Source records:

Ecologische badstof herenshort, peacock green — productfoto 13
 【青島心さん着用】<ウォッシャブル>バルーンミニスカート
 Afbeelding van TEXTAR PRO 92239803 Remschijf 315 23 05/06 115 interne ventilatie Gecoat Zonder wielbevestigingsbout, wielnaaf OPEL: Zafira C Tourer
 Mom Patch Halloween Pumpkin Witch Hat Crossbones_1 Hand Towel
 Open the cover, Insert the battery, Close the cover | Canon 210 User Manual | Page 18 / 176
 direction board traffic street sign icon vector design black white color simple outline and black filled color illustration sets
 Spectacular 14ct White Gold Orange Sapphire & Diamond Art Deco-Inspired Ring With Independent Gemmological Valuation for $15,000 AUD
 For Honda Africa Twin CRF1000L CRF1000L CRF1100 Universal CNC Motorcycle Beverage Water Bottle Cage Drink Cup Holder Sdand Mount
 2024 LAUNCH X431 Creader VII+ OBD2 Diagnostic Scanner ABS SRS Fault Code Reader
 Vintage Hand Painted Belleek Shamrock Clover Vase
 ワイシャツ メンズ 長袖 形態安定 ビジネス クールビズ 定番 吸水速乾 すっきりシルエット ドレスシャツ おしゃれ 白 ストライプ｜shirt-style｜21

» WHAT TO WORK ON
Copy out, from the data above, each line where the string "Hand" is present.

» TASK OUTPUT
 Mom Patch Halloween Pumpkin Witch Hat Crossbones_1 Hand Towel
 Vintage Hand Painted Belleek Shamrock Clover Vase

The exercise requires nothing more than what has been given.